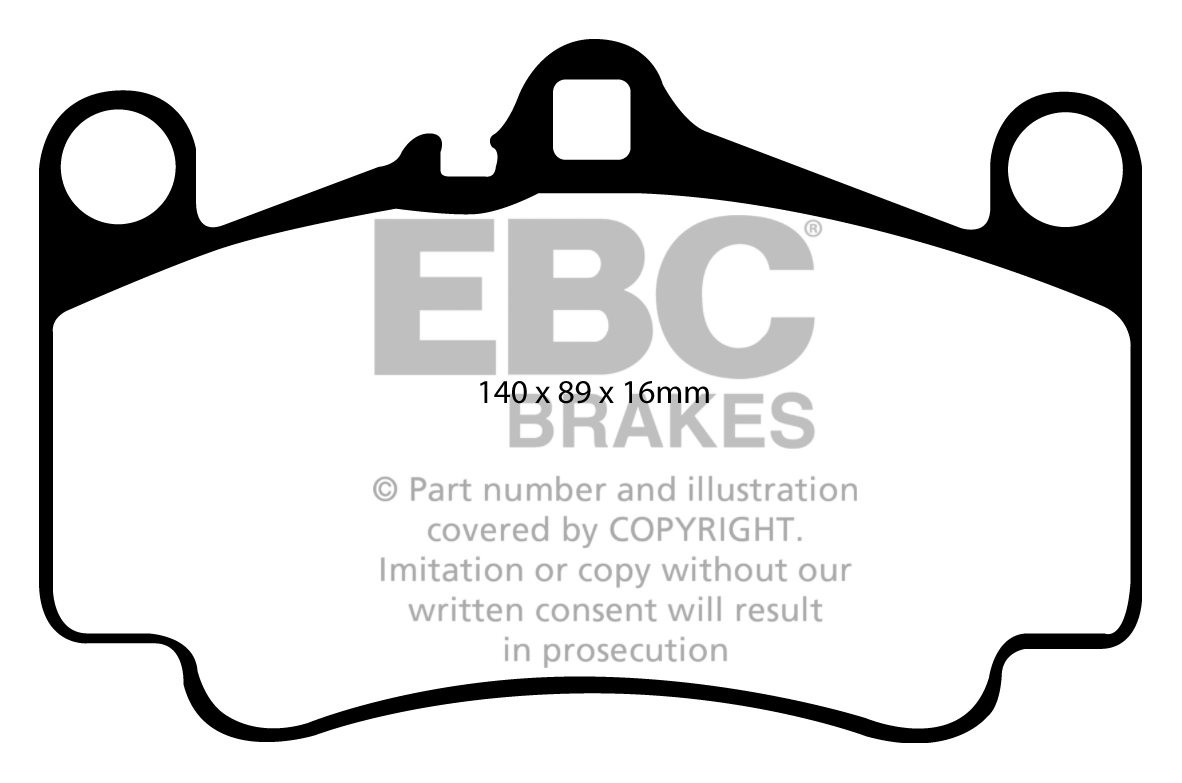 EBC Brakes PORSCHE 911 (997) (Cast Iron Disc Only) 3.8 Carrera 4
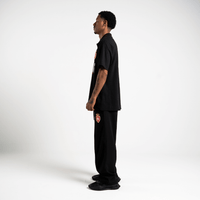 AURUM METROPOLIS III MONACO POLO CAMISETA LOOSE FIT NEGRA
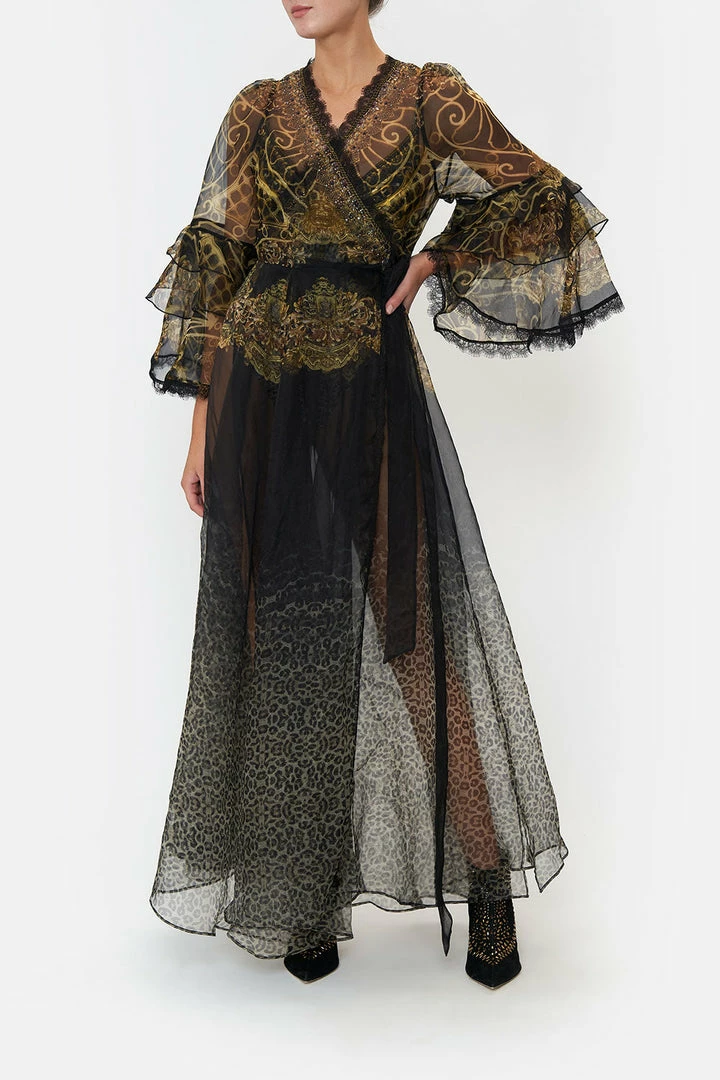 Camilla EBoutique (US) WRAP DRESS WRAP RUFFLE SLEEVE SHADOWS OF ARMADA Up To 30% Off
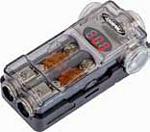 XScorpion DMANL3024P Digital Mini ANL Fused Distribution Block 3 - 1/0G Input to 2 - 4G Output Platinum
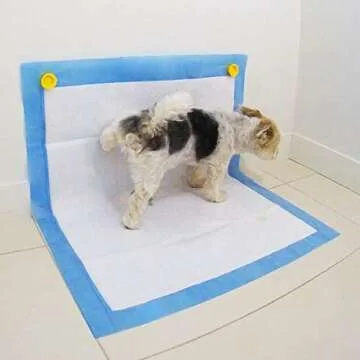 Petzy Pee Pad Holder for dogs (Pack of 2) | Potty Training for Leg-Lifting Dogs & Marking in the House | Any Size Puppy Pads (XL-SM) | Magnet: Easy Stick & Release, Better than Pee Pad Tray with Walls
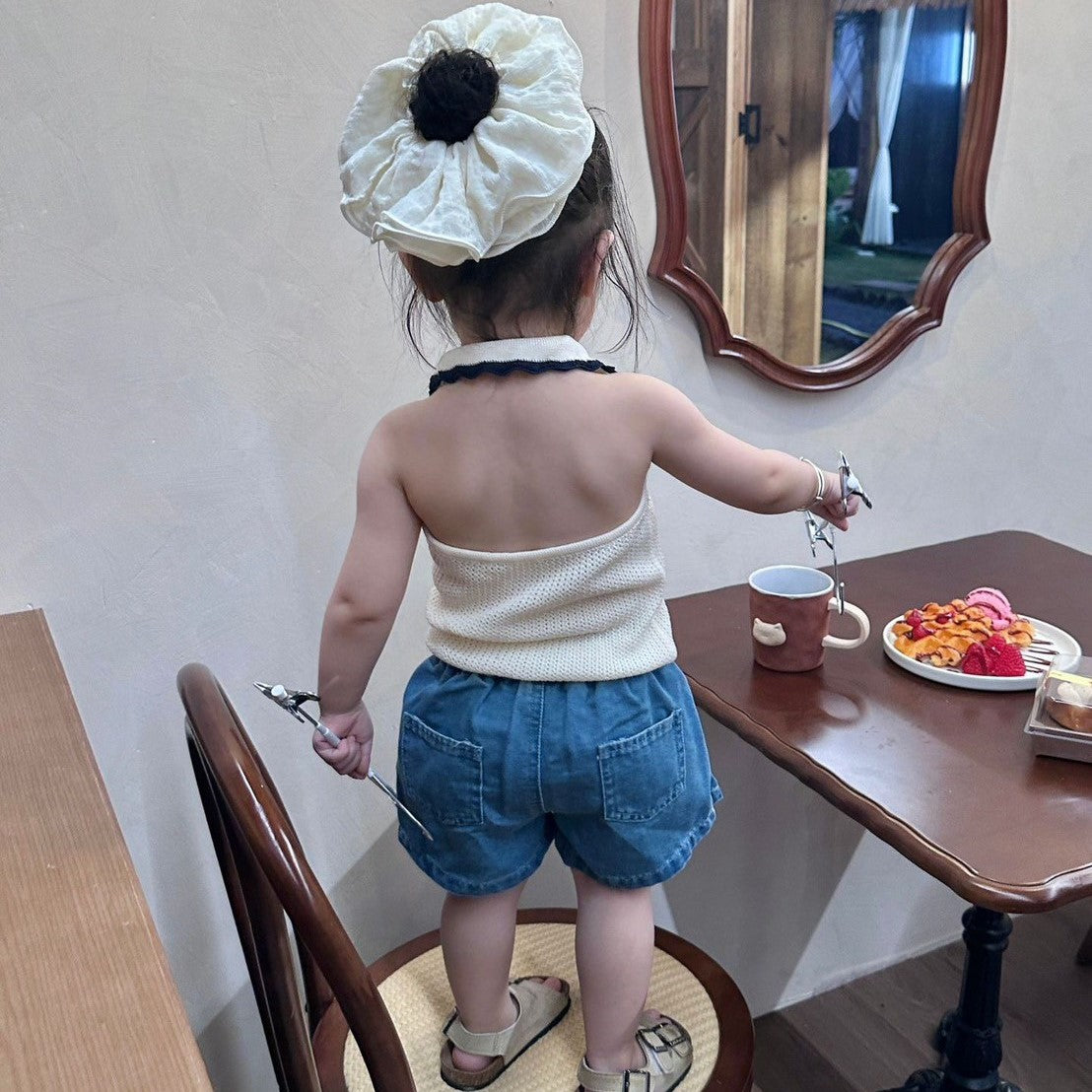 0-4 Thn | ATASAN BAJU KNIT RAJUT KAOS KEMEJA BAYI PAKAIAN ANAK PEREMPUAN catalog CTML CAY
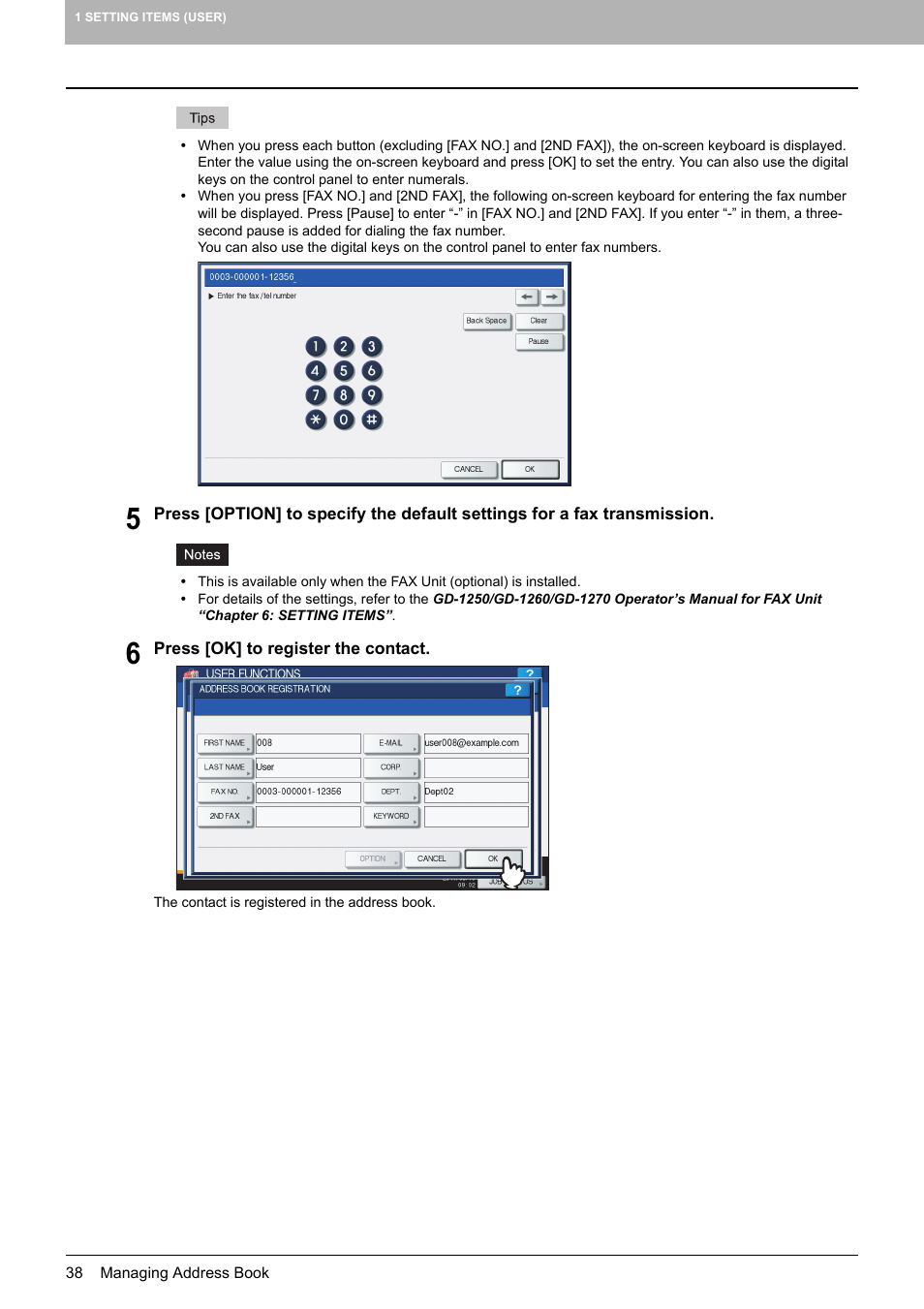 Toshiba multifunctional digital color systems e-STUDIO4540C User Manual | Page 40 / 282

###

### WHAT YOU NEED TO DO
Your reply should be the full data above, copied exactly, with no pictures in it.

### RESULT FOR THIS EXERCISE
 EBC Brakes PORSCHE 911 (997) (Cast Iron Disc Only) 3.8 Carrera 4
 AURUM METROPOLIS III MONACO POLO CAMISETA LOOSE FIT NEGRA
 Camilla EBoutique (US) WRAP DRESS WRAP RUFFLE SLEEVE SHADOWS OF ARMADA Up To 30% Off
 XScorpion DMANL3024P Digital Mini ANL Fused Distribution Block 3 - 1/0G Input to 2 - 4G Output Platinum
 Petzy Pee Pad Holder for dogs (Pack of 2) | Potty Training for Leg-Lifting Dogs & Marking in the House | Any Size Puppy Pads (XL-SM) | Magnet: Easy Stick & Release, Better than Pee Pad Tray with Walls
 0-4 Thn | ATASAN BAJU KNIT RAJUT KAOS KEMEJA BAYI PAKAIAN ANAK PEREMPUAN catalog CTML CAY
 Toshiba multifunctional digital color systems e-STUDIO4540C User Manual | Page 40 / 282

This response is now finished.